Um dies herauszufinden, bräuchten wir mehr experimentelle Längsschnittstudien, doch leider fehlen dafür oft die Forschungsgelder. Gesichert ist, dass wir Kindern und Jugendlichen einen Ausgleich zur digitalen Welt bieten müssen, damit sie ihre positiven Emotionen nicht nur online beziehen. Wir müssen sie mit alternativen Angeboten in die reale Welt zurückholen. Experimente zeigen: Wenn wir bei Probanden kontrolliert und schrittweise die Zeit der Mediennutzung reduzieren und ihnen als Ersatz Sport und Achtsamkeitsübungen anbieten, entwickeln sie positive Gefühle, und ihre psychische Gesundheit verbessert sich.

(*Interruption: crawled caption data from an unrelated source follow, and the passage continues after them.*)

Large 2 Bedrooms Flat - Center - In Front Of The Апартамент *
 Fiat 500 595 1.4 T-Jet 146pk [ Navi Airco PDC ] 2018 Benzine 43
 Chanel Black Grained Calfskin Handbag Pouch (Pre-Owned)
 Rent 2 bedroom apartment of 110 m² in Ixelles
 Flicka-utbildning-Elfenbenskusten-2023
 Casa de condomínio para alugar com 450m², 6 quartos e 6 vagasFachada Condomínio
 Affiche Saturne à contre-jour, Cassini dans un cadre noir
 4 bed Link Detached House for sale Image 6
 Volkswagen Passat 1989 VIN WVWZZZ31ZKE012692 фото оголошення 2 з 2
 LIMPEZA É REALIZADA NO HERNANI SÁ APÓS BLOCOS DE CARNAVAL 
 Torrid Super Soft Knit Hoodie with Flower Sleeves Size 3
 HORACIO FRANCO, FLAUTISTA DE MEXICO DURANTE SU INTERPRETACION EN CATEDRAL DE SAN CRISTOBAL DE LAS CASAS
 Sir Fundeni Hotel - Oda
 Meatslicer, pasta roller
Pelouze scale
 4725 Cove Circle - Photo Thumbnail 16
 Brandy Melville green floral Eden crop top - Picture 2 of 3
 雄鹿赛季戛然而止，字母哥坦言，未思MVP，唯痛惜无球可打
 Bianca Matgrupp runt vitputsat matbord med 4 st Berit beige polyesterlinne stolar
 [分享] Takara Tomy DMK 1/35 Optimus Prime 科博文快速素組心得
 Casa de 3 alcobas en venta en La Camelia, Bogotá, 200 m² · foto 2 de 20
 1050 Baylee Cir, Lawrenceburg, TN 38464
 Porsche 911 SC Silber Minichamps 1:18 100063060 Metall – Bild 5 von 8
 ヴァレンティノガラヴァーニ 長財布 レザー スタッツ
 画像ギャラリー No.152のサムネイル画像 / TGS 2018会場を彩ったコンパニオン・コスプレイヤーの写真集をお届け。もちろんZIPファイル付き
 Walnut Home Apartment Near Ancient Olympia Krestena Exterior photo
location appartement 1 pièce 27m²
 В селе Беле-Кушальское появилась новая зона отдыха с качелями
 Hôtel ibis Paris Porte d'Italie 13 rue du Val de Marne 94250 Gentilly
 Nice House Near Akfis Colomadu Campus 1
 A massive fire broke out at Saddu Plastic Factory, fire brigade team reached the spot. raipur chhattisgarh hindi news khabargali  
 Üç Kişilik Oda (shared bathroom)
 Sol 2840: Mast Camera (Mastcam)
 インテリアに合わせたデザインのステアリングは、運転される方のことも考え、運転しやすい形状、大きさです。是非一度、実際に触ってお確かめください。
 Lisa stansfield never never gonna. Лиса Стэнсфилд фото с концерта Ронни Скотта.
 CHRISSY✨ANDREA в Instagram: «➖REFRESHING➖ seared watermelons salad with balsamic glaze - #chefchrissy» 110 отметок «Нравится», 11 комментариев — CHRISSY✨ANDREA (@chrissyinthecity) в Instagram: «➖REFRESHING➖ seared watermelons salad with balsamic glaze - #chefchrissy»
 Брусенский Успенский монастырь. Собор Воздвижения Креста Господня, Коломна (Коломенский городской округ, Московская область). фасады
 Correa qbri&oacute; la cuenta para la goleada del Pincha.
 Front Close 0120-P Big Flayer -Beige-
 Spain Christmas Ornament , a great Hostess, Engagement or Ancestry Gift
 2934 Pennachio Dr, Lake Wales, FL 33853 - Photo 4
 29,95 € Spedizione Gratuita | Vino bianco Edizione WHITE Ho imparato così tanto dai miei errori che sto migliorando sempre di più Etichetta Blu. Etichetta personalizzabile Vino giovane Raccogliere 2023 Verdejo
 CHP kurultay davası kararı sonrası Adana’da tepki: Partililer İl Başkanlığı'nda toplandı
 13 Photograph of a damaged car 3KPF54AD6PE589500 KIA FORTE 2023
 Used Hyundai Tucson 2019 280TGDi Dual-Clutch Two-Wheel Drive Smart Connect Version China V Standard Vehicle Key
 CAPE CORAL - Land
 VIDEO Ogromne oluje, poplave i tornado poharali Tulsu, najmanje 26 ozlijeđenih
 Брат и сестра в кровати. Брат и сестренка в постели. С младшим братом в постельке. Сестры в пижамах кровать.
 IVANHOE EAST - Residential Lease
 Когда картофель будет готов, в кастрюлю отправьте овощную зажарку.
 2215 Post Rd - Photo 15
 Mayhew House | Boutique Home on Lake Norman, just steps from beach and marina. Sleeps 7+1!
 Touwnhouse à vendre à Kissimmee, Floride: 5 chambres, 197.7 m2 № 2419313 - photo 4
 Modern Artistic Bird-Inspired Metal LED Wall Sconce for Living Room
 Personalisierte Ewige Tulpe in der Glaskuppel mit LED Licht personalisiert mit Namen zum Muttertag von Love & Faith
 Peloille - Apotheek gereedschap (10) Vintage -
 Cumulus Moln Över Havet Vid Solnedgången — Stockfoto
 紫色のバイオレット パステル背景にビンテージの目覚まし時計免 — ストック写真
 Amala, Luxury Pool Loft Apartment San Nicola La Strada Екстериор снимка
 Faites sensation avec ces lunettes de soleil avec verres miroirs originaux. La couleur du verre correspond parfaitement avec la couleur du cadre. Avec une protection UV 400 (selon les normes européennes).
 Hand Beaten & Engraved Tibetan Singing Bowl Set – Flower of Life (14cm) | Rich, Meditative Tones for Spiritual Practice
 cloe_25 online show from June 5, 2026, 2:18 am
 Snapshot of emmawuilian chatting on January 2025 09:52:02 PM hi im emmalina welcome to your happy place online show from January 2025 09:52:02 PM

Was empfehlen Sie, um das Selbstmordrisiko vor allem für junge Mädchen zu senken, die, wie in Norwegen geschehen, zur Suizidschwärmerei auf Facebook führen kann?

Wir brauchen mehr Medienkompetenz auf alle Ebenen. Eltern müssen die Nutzung sozialer Medien bei ihren Kindern im Blick behalten, sie müssen wissen, was ihre Kinder online tun, und offen mit ihnen darüber sprechen. Sie müssen sie in beiden Welten, offline und online, vor potentiellen Gefahren schützen. An Schulen, jenen Orten, wo Kinder und Jugendliche viel Zeit verbringen, brauchen wir ebenfalls entsprechende Angebote für die Lehrer- und Schülerschaften, am besten als Teil des Curriculums.

Was verstehen Sie unter Medienkompetenz?

Die Fähigkeit, zu verstehen, wann es sinnvoll ist, Medien zu nutzen, zu wissen, welche Vor- und Nachteile sie haben, und zu akzeptieren, dass sie nur ein Werkzeug sind, das uns hilft, etwas zu vermitteln, mehr nicht. Sie dürfen nicht zum Selbstzweck werden, schon gar nicht zum Lebensmittelpunkt. Ich vergleiche das mit dem Autofahren: Mein Auto ist ein Werkzeug, das mich von A nach B bringt, aber nicht mein Freund. So ist es auch mit den Medien. Mir sträuben sich die Haare, wenn ich Kinder im Kinderwagen mit einem Smartphone sehe. Es fehlt an der Einsicht und Umsetzung, dass Medien der Gesundheit ähnlich schaden können wie Zigaretten, Alkohol und andere Rauschmittel.

Was tun, um den digitalen Risiken und Gefahren zu entkommen?

Ganz einfach: Back to the roots! Die digitale Kommunikation können wir nicht ausschalten, wir brauchen sie in zu vielen Bereichen. Die Gefahren können wir aber kontrollieren, indem wir klare Regeln aufstellen, wann und wie lange wir digitale Medien nutzen.

Was muss jetzt vor allem erforscht werden?

Um Kinder und Jugendliche besser schützen zu können, brauchen wir sofort mehr Hilfen für Betroffene, mehr experimentelle Studien und mehr Prävention. Gemessen am Tempo des digitalen Fortschritts dauert es zu lange, bis Projekte ins Rollen kommen. Ich selbst habe die Erfahrung gemacht, dass Anträge abgelehnt wurden, wenn es um die Prävention potentieller negativer Folgen der digitalen Mediennutzung geht. In den Köpfen der Menschen muss noch viel passieren, damit Prävention im Zusammenhang mit problematischer Mediennutzung als wichtig anerkannt wird.